Growth stocks are often compared in contrast with value stocks. Let’s see why that is.
What are value stocks?
Value stocks are stocks that trade at a price lower than what the corresponding companies’ financial fundamentals would suggest. This means that these stocks are undervalued even though the company’s sales and earnings are strong. Sectors such as financials, energy, consumer staples, and industrials are typically considered to be value sectors. Berkshire Hathaway, Procter & Gamble, and Target are examples of value stocks.
Some common features of value stocks include:
- Value stocks are often stocks of prominent, established companies whose shares are undervalued due to a specific reason in the short term. For example, these could be negative publicity, legal problems or macroeconomic factors.
- Since the stocks are undervalued due to adverse events in the short term but have strong financial fundamentals, investors often see them as a good bargain.
- Value stocks trade at low P/E ratios and allow investors to add good stocks to their portfolio at discounted prices and enjoy low but stable capital gains in the long term.
- Typically, value stocks have a stable and robust dividend-paying history and can be relied upon for dividend income.
Value stocks and growth stocks tend to perform differently in different market conditions, and each carries specific risks.
Growth vs value stocks: Which to pick?
Both growth and value stocks present good investment opportunities.

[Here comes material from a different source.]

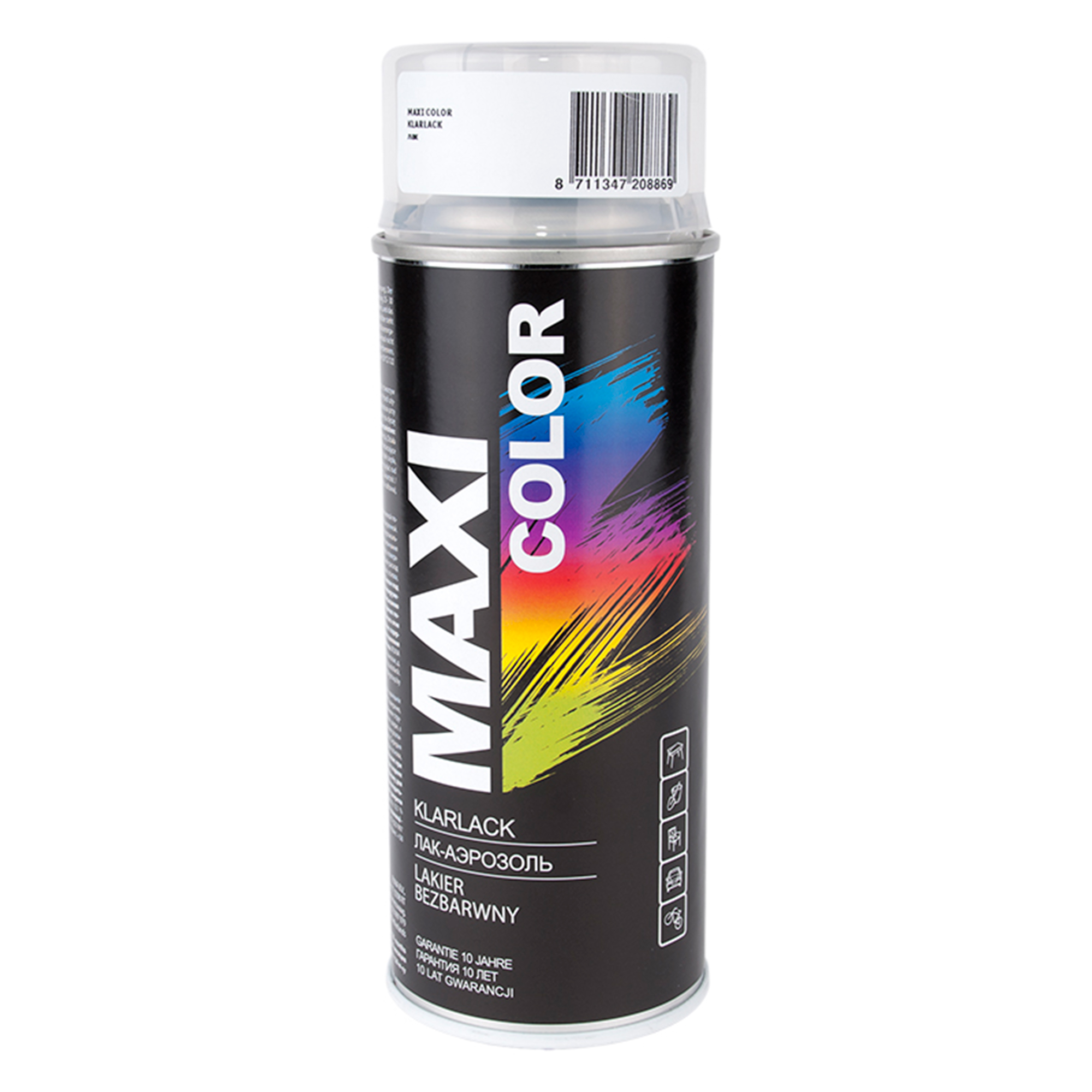 Лак бесцветный глянцевый 400мл аэрозоль MAXI COLOR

If you use the best trading apps, then you can benefit from both categories by gaining access to all the top growth and value stocks in the global markets.
However, to understand which category you should invest in, it’s essential to consider their performance and the risks involved.

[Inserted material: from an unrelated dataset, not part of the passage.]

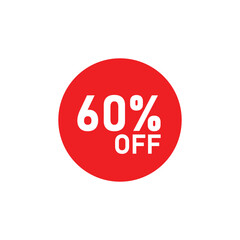 Discount offer price tag, 60% OFF Super Sale Banner.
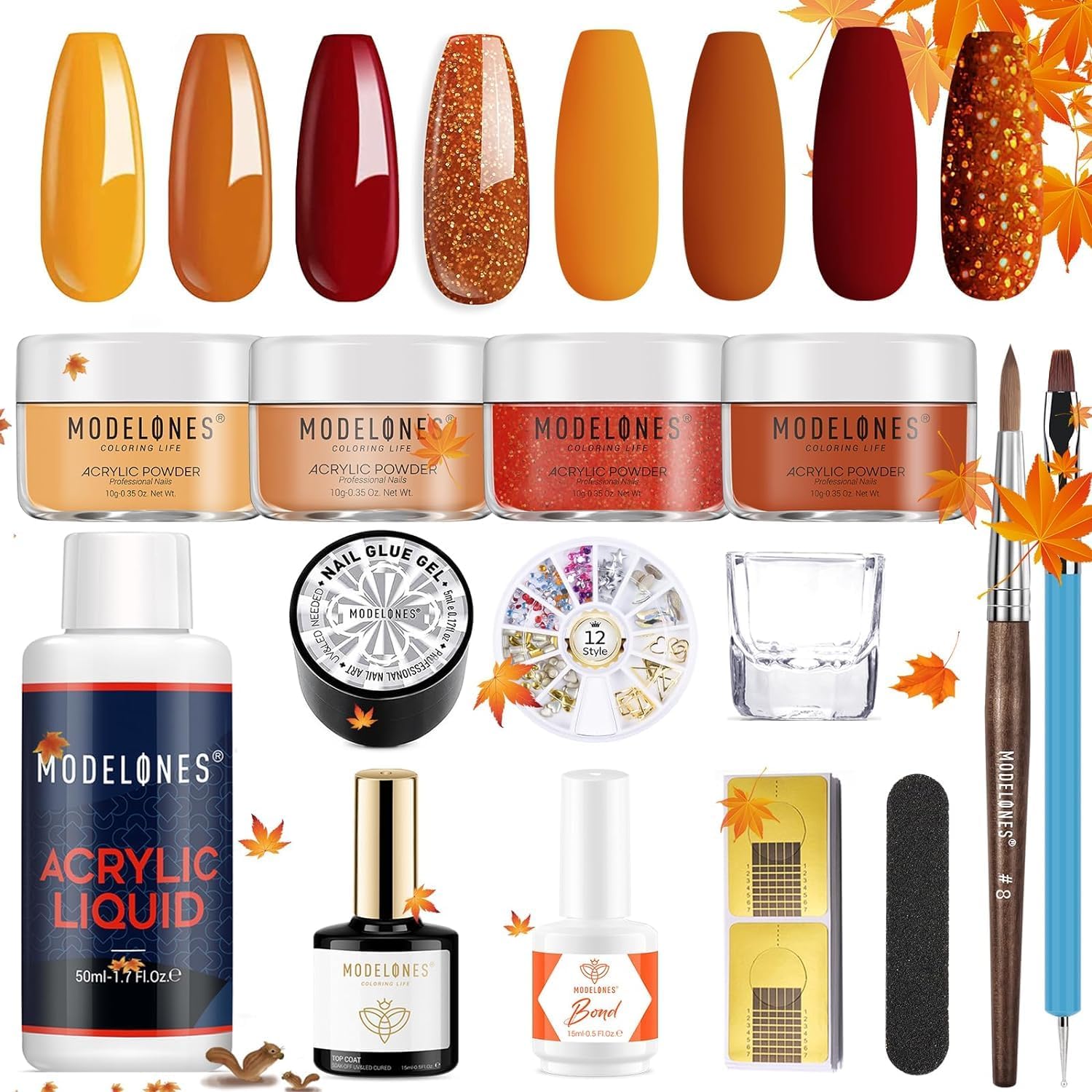 Modelones Acrylic Nail Kit, Fall Halloween Collection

Considering the US stock market, value stocks have typically outperformed growth stocks over a long-term horizon. Value stocks also tend to perform better in bear markets and periods of inflationary pressure, as seen in the latter half of 2022. The Russell 1000 Value Index fell 9.58% last year, while the Russell 1000 Growth Index plunged 29.81%: a difference of almost 20%! This is the largest margin of outperformance since 2000.
It’s important to note that growth stocks tend to be sensitive to rising interest rates, and the Federal Reserve adopted a particularly tight monetary policy last year to curb inflation. Conversely, growth stocks tend to outperform value stocks when the markets are bullish.
Both growth and value stocks come with a certain level of risk. Growth stocks typically come with higher metric ratios like P/E, while value stocks trade at lower metric ratios, and investors invest with an expectation that the market will correct their prices. In the event this does not materialise, investors will have to take a hit. However, value stocks experience lesser price volatility as they often belong to large, established companies. At the same time, value stocks often tend to pay dividends, which growth stocks do not.
The best of both worlds
So now we come to the million-dollar question: which of these types of stock should you buy? And, as is usually the case in the world of investing, there is no one-size-fits-all answer: it depends on your age, savings, circumstances, risk appetite, existing investments, etc.
But here’s the best part: you don’t have to pick one or the other! Instead, you can simply add both growth and value stocks to your portfolio. In fact, legendary investor Warren Buffett, who is also one of the most famous value investors, once pointed out in a letter to his shareholders that both investing approaches are joined at the hip.
Nevertheless, diversification is also key. So regardless of which style of investing you decide to go with, make sure you’re not concentrating too much of your portfolio in one or two stocks. By investing in a variety of different stocks, you can spread out your risk and potentially increase your returns over the long term. Ultimately, remember that building a well-rounded investment portfolio takes time, patience, and a commitment to ongoing education and research.